What you should do —
Where the records below show a line containing "Cantata BWV 46", start copying; end with the line containing "Aufgeschlossener Hix wartet", and copy it too.

(Brief descriptive captions)
■ ■ ■

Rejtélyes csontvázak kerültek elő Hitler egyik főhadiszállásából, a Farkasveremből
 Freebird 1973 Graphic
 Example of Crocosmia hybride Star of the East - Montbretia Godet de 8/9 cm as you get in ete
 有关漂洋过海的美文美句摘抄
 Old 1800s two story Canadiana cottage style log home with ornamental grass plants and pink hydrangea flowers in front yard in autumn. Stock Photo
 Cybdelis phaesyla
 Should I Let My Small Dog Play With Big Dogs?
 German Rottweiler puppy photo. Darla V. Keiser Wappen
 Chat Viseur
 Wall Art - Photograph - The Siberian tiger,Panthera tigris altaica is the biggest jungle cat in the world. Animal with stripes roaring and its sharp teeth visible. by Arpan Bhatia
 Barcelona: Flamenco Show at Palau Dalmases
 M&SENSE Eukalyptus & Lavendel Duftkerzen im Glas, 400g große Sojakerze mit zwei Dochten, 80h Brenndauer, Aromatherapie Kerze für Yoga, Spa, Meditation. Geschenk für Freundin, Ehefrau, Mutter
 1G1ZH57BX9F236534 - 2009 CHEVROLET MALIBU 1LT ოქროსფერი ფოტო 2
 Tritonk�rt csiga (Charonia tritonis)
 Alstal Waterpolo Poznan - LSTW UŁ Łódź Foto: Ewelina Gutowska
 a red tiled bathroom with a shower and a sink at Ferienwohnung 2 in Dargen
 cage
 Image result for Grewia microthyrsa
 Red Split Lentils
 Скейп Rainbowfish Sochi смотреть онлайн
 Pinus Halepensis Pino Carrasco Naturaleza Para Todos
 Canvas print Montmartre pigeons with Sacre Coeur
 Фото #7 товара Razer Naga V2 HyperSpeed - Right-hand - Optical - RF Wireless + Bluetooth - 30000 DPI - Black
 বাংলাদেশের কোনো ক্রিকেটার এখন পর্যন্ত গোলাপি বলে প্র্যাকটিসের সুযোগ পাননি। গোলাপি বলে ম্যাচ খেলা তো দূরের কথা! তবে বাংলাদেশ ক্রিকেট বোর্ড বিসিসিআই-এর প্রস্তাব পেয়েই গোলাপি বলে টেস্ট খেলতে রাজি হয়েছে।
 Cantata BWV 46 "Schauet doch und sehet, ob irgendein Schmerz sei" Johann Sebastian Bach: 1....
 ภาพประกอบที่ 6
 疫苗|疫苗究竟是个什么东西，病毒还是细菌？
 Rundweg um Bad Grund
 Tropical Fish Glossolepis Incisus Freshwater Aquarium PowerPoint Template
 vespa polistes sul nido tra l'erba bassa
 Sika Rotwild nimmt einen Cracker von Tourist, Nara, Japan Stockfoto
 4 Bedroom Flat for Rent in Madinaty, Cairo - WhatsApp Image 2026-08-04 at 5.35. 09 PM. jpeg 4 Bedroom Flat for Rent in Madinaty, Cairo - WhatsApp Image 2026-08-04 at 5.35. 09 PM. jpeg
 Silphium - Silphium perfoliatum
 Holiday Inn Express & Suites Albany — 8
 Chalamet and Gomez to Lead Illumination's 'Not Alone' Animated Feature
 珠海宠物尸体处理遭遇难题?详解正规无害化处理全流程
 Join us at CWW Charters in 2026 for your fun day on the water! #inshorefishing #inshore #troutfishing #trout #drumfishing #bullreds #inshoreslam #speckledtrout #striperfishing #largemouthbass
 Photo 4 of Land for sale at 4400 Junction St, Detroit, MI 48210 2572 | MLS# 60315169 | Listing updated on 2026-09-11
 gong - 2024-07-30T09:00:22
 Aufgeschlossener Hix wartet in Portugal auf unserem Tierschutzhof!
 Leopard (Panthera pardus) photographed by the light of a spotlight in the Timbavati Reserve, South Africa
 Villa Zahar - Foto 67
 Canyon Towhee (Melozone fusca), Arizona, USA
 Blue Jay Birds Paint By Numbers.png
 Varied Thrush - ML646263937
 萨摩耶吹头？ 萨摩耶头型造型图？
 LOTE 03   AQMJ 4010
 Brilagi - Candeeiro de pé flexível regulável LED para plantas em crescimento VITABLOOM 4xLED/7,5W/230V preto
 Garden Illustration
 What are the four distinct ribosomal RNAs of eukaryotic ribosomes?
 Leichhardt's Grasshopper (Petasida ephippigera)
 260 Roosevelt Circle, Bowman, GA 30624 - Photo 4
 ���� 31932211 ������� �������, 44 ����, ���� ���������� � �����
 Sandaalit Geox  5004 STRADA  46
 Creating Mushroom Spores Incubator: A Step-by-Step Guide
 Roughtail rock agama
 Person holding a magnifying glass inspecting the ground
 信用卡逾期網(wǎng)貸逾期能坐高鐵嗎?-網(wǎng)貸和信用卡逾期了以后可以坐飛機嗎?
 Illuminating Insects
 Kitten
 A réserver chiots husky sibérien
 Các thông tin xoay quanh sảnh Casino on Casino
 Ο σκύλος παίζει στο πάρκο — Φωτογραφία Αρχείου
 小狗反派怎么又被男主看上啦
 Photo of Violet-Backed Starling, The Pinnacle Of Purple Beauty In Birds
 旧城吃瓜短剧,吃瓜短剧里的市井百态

■ ■ ■

Problem solution —
 Cantata BWV 46 "Schauet doch und sehet, ob irgendein Schmerz sei" Johann Sebastian Bach: 1....
 ภาพประกอบที่ 6
 疫苗|疫苗究竟是个什么东西，病毒还是细菌？
 Rundweg um Bad Grund
 Tropical Fish Glossolepis Incisus Freshwater Aquarium PowerPoint Template
 vespa polistes sul nido tra l'erba bassa
 Sika Rotwild nimmt einen Cracker von Tourist, Nara, Japan Stockfoto
 4 Bedroom Flat for Rent in Madinaty, Cairo - WhatsApp Image 2026-08-04 at 5.35. 09 PM. jpeg 4 Bedroom Flat for Rent in Madinaty, Cairo - WhatsApp Image 2026-08-04 at 5.35. 09 PM. jpeg
 Silphium - Silphium perfoliatum
 Holiday Inn Express & Suites Albany — 8
 Chalamet and Gomez to Lead Illumination's 'Not Alone' Animated Feature
 珠海宠物尸体处理遭遇难题?详解正规无害化处理全流程
 Join us at CWW Charters in 2026 for your fun day on the water! #inshorefishing #inshore #troutfishing #trout #drumfishing #bullreds #inshoreslam #speckledtrout #striperfishing #largemouthbass
 Photo 4 of Land for sale at 4400 Junction St, Detroit, MI 48210 2572 | MLS# 60315169 | Listing updated on 2026-09-11
 gong - 2024-07-30T09:00:22
 Aufgeschlossener Hix wartet in Portugal auf unserem Tierschutzhof!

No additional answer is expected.